Exercise inputs ▸

━━━━━━

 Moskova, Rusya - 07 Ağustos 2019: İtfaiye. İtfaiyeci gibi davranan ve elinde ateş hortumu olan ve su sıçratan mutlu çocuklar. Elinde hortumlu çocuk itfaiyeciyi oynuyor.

━━━━━━

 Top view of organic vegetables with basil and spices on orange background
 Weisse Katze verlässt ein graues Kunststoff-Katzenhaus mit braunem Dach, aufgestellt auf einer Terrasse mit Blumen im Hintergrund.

━━━━━━

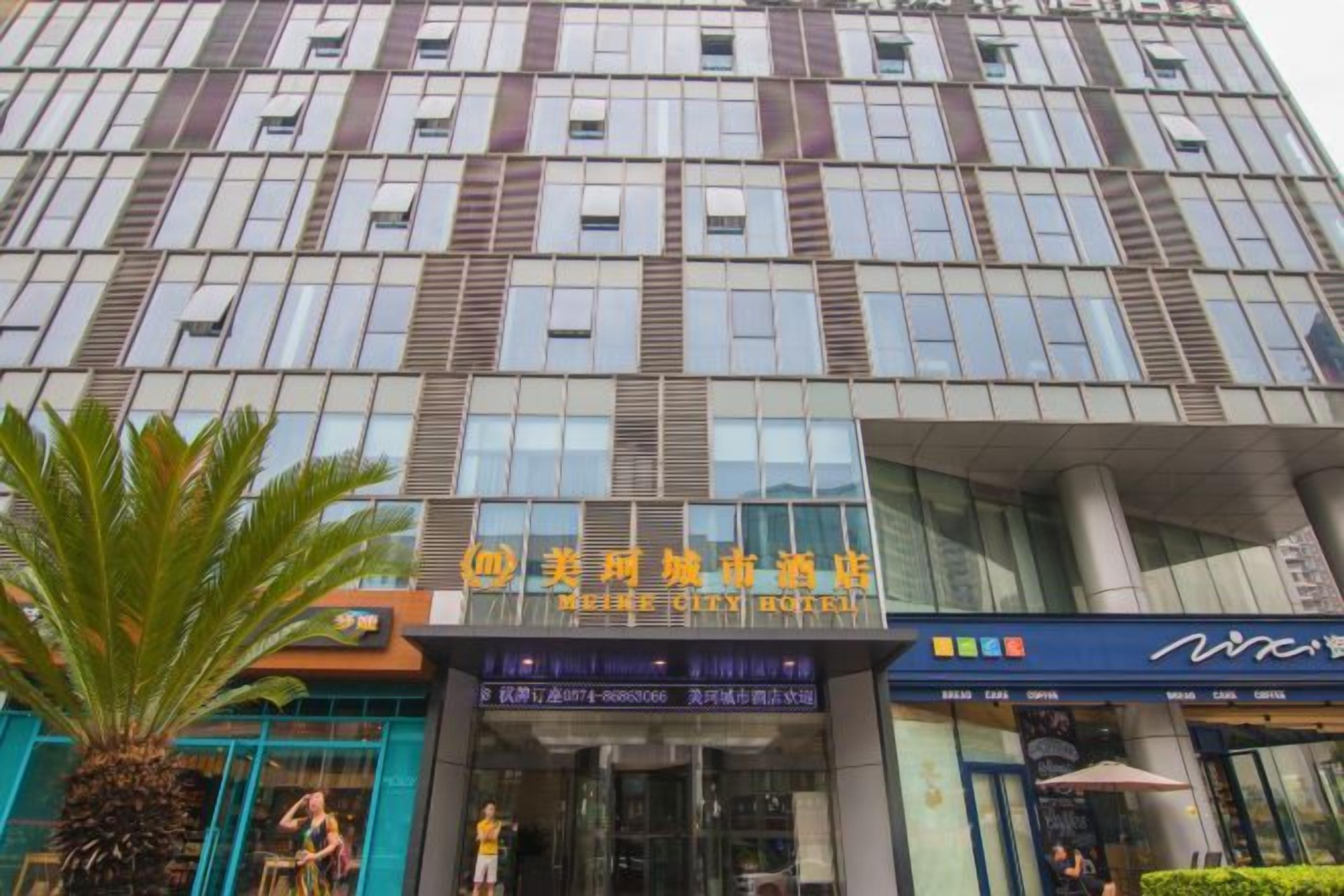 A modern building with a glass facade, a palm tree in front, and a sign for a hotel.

━━━━━━

Find the line with "Top view of" in the entries above. Retype it and each line after it, exactly, through the line with "Weisse Katze verlässt", and stop there.

The answer ▸
 Top view of organic vegetables with basil and spices on orange background
 Weisse Katze verlässt ein graues Kunststoff-Katzenhaus mit braunem Dach, aufgestellt auf einer Terrasse mit Blumen im Hintergrund.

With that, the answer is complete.